## What is required:
Please print the entries below exactly, from the line with "Soñar con piojos" through the line with "before after male blepharoplasty patient 1", including both of those lines and leaving out all others.

*** Listed entries ***

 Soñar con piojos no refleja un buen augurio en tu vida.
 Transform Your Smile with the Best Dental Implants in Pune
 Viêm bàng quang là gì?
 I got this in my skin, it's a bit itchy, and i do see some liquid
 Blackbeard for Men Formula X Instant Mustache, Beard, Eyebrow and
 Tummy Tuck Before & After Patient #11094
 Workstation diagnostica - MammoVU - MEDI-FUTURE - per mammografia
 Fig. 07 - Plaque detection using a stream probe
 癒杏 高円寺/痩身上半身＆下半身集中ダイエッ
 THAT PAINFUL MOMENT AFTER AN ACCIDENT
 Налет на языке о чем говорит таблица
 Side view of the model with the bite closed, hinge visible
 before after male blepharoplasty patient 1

*** End of Listed entries ***
*** Listed entries ***

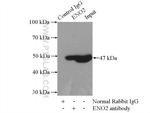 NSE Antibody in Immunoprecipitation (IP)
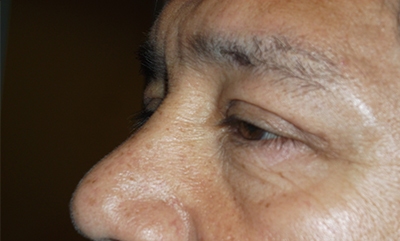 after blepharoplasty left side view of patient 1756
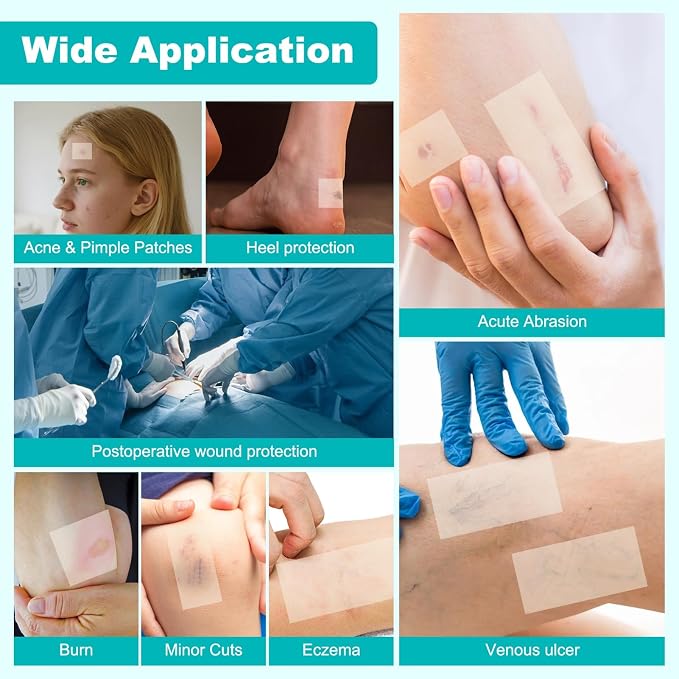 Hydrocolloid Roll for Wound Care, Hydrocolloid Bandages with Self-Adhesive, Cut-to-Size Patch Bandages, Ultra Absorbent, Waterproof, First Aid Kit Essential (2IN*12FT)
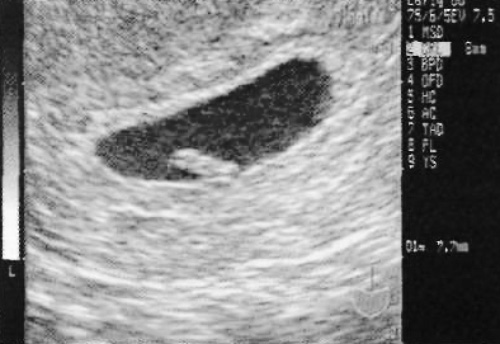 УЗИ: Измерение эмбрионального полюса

*** End of Listed entries ***

## Reply to the exercise:
 Soñar con piojos no refleja un buen augurio en tu vida.
 Transform Your Smile with the Best Dental Implants in Pune
 Viêm bàng quang là gì?
 I got this in my skin, it's a bit itchy, and i do see some liquid
 Blackbeard for Men Formula X Instant Mustache, Beard, Eyebrow and
 Tummy Tuck Before & After Patient #11094
 Workstation diagnostica - MammoVU - MEDI-FUTURE - per mammografia
 Fig. 07 - Plaque detection using a stream probe
 癒杏 高円寺/痩身上半身＆下半身集中ダイエッ
 THAT PAINFUL MOMENT AFTER AN ACCIDENT
 Налет на языке о чем говорит таблица
 Side view of the model with the bite closed, hinge visible
 before after male blepharoplasty patient 1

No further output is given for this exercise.